Most people have their Tor between 0 - 250 days old and there is a
long-tail distribution.
- In the box plot, the boxes contain the first quantile to the third
quantile of data points, and the line in the center is the median. The
upper and lower "whiskers" show the maximum and minimum of the data, and
the points above the top whisker are outliers. It appears that there are
less bridges with very old versions, but the bridges and relays are similar
in keeping up with new versions.

You're definitely right that the temporal changes are important.
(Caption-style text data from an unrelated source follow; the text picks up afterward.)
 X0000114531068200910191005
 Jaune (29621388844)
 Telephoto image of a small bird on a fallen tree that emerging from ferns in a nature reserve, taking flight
I'll focus
on this in some follow-up analysis. I have a couple of questions regarding

1. What is the "date" column in the csv file you shared, specifically?
2. What's a good way to see the the unattended updates data? I can look
into it if you could point me to a general direction.
3. It seems many of the potential questions will require new data. I'm
happy to work on data generation/cleaning; but is there a good way to share
the datasets or figures? They may also be too large for the mail list..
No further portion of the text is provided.